This plasmid is compatible with all of the other DNA sequences available on this site, which are all sold in the same backbone. This flexibility allows you to create any vector you require, with a variety of functions, simply by compiling the relevant sections from our product range.

Product Code: OG106

Size (bp) 4309

Bacterial Antibiotic Selection: Ampicillin

Origin and Compatibility: pUC high copy, derived from pBR322

Copy Number: 500-700 copies per cell

Promoter: Cytomegalovirus (CMV) immediate early promoter

Purpose: A versatile cloning plasmid for the expression of genes in mammalian cells. This plasmid contains the multiple cloning site (MCS) from pUC19, however, it has been modified slightly to accommodate some restriction sites in the SnapFast^TM system. These changes are described in the full plasmid details PDF. The use of this MCS, instead of the normal SnapFast^TM vector MCS, will limit the ability to use some of the inserts that we sell that immediately flank, or are inserted within, the standard MCS. This primarily includes N-terminal tags and signal peptides. This is because these inserts are flanked by restriction sites that are not compatible with the pUC19 MCS. Most other inserts should still be compatible with this plasmid.

Transcription Termination: This plasmid contains three alternative transcription terminators for mammalian, bacterial and bacteriophage (T7) expression. This means that only the promoter needs to be changed to alter the expression system you are using. We sell multiple promoters that can be used in each of these systems. The presence of each terminator does not reduce expression in the alternative systems.

Inserting a Gene: Each restriction site in this vector has a purpose, and allows the insertion of specific pre-designed DNA sequences. However, the presence of the pUC19 MCS in this plasmid, rather that our standard MCS, will make some of our products incompatible.

Intellectual Property Status: According to our IP-friendly policy, this plasmid is sold free of reach-through rights on any derivatives you may create.

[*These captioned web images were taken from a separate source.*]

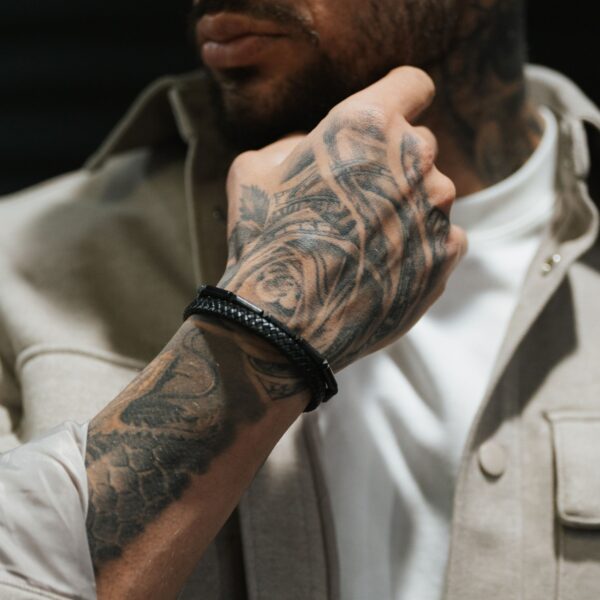 Zbliżenie na tatuaże na ręce mężczyzny w jasnej koszuli.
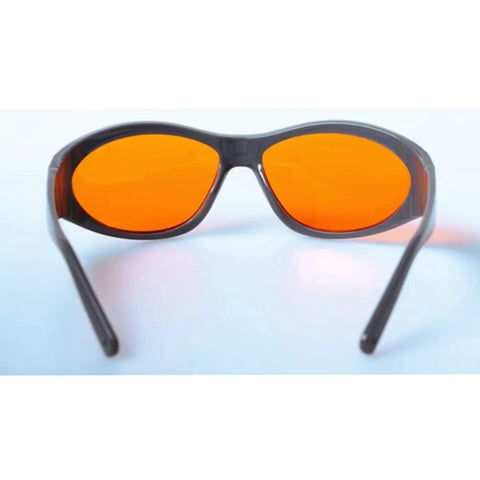 Badass Blue and Green Laser Safety Glasses with OD 5 Plus Protection Covering 266 355 515 532 Nanometers CE EN 107 Model GHP 55 front view with orange lenses.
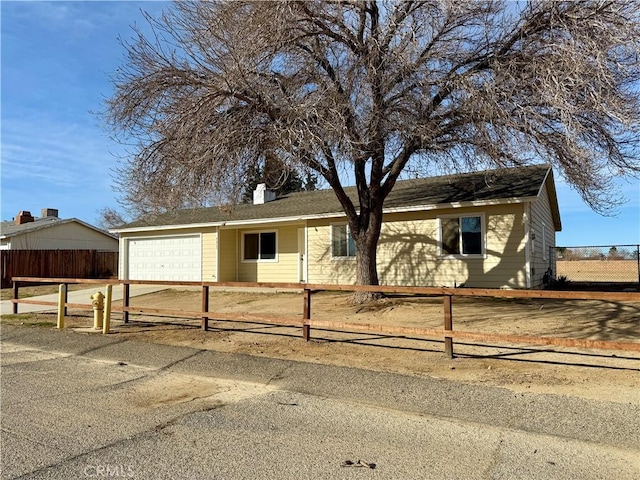 single story home featuring a chimney, concrete driveway, an attached garage, and fence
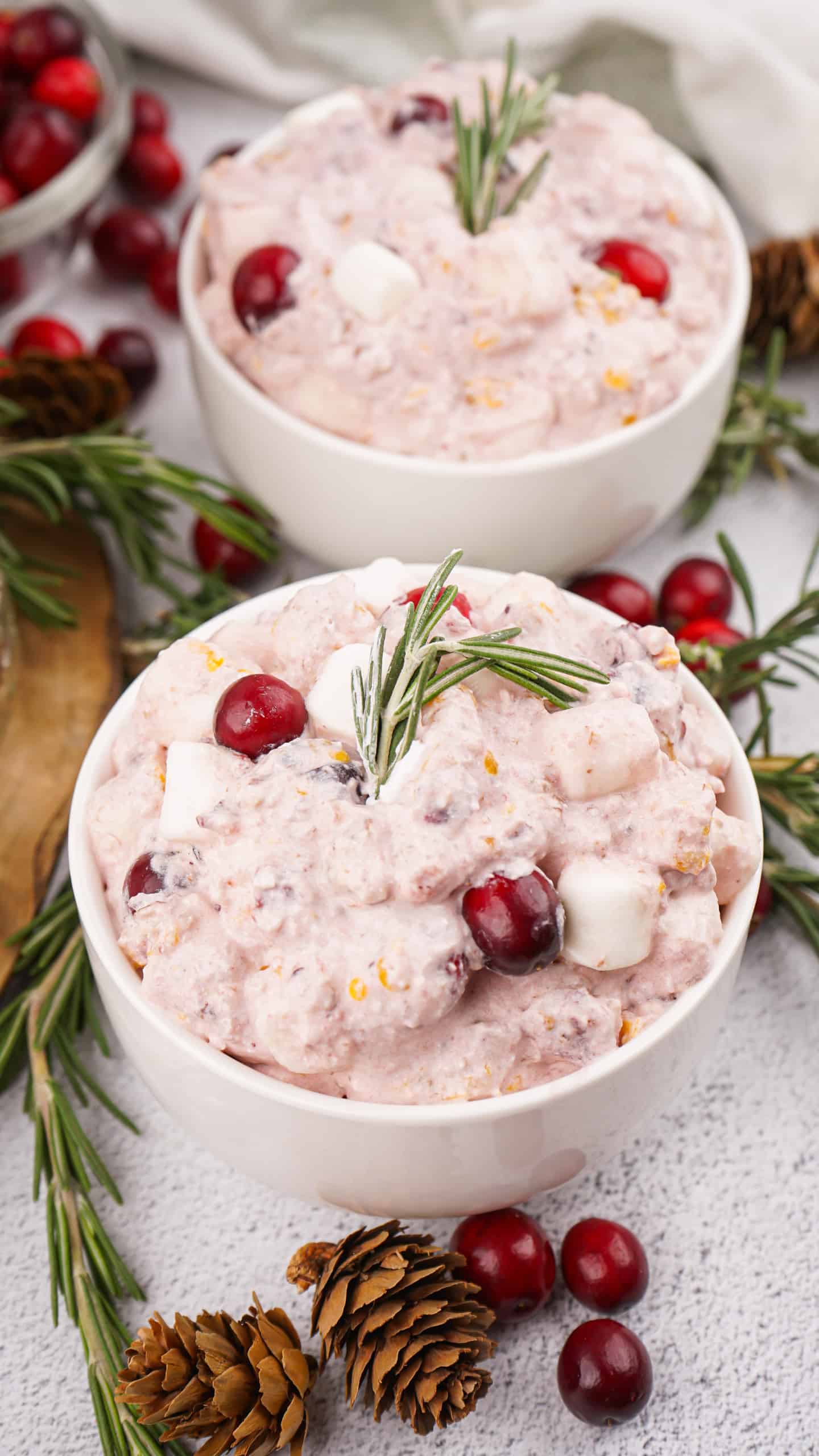 Two bowls of cranberry fluff salad with cranberries and a sprig or rosemary on top.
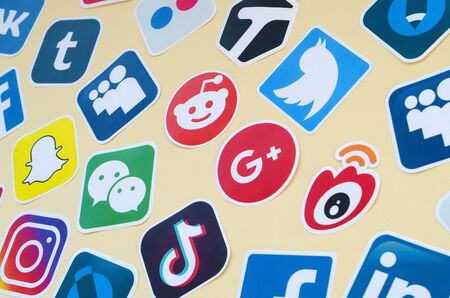 KHARKOV, UKRAINE - OCTOBER 17, 2019: Many paper icons with logo of most popular social networks and smartphone apps for chat and conversations onlineのeditorial素材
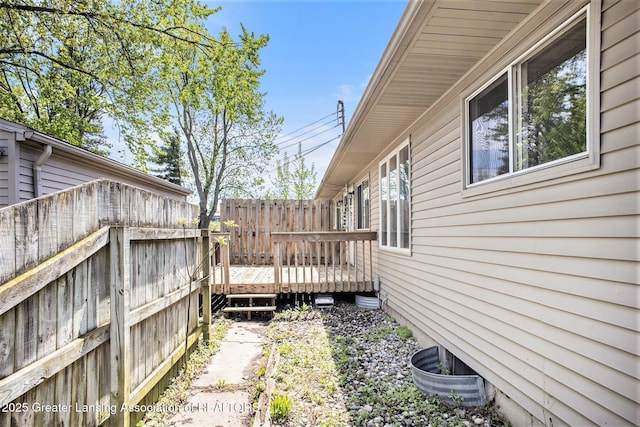 601/603 Farmstead Ln, Lansing, MI 48917 - view of home's exterior with a wooden deck and fence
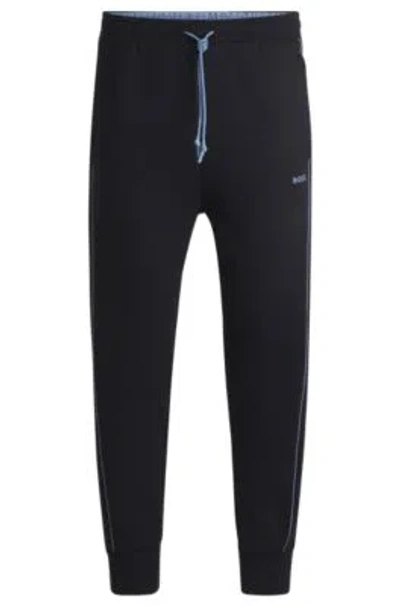 Hugo Boss Stretch-cotton Tracksuit Bottoms With Embossed Artwork In Dark Blue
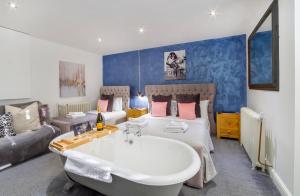 a bathroom with a tub and a bed and a couch at Converted Luxury Stables in Haxby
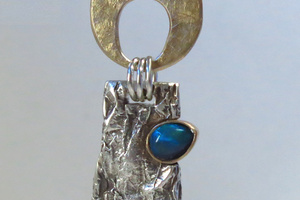 14K gold, black opal and sterling silver pendant.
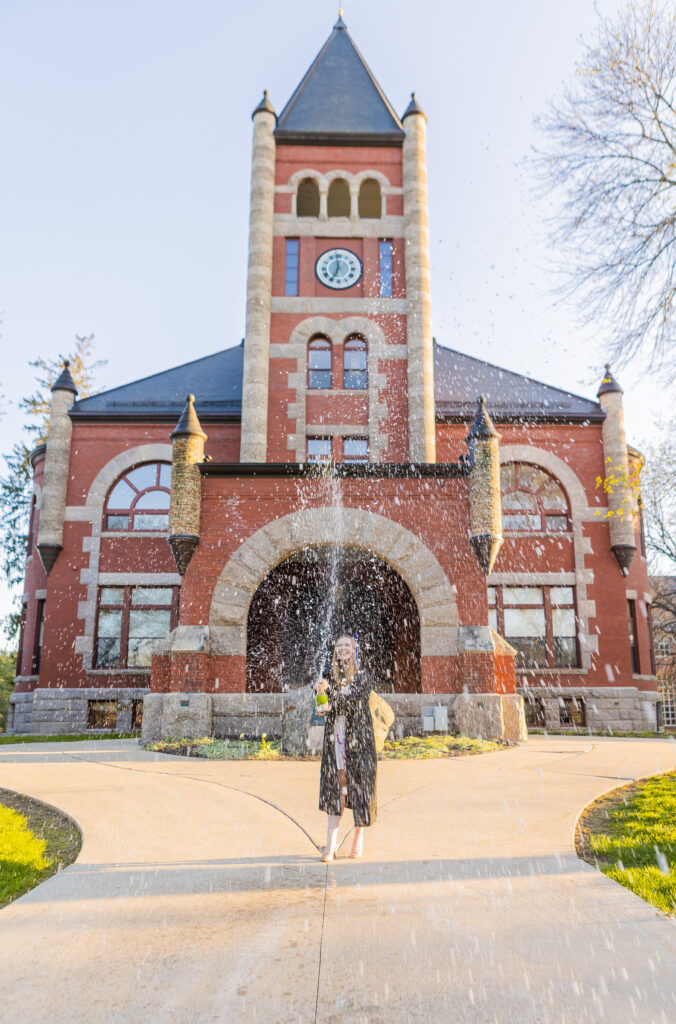 A college grad sprays champagne in front of Thompson Hall at UNH.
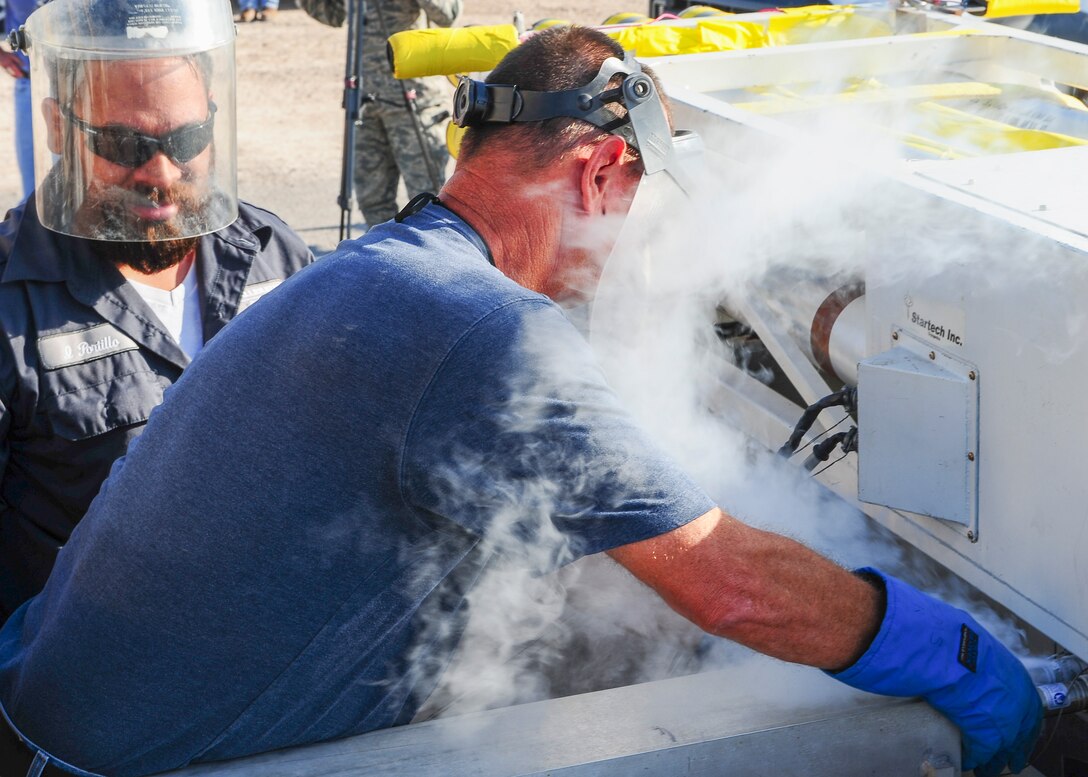 Technicians from the 846th Test Squadron at Holloman Air Force Base, N.M., pump liquid helium into a test sled here Aug. 18, 2015. This sled system runs on four super-conducting magnets that need to be cooled down to a few degrees above absolute zero to ensure the smoothest ride possible. (U.S. Air Force photo by Airman 1st Class Randahl J. Jenson)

Quality Sequencing Analysis: This plasmid has been fully sequenced using primers F1-F10. These are available through our website using the sequencing primers link on the left hand lower menu.

Genetic Modifications to standard parts:

CMV promoter – an NcoI site has been ablated in the CMV promoter. This change does not reduce expression.

AmpR cassette – This AmpR resistance region is not a wild type sequence, it has been modified to remove all restriction sites that conflict with the SnapFast system and to retain a high level of antibiotic resistance. It has been validated in E.coli.

Restriction site notes:

Bgl2, KpnI, SwaI and PmeI each cut the plasmid at two sites positioned to flank the promoter, origin, and AmpR, respectively.

BsgI and BseRI recognise non-palindromic DNA sequences and cleave upstream of their recognition sites, within the stop codon that is found inside the XbaI restriction site.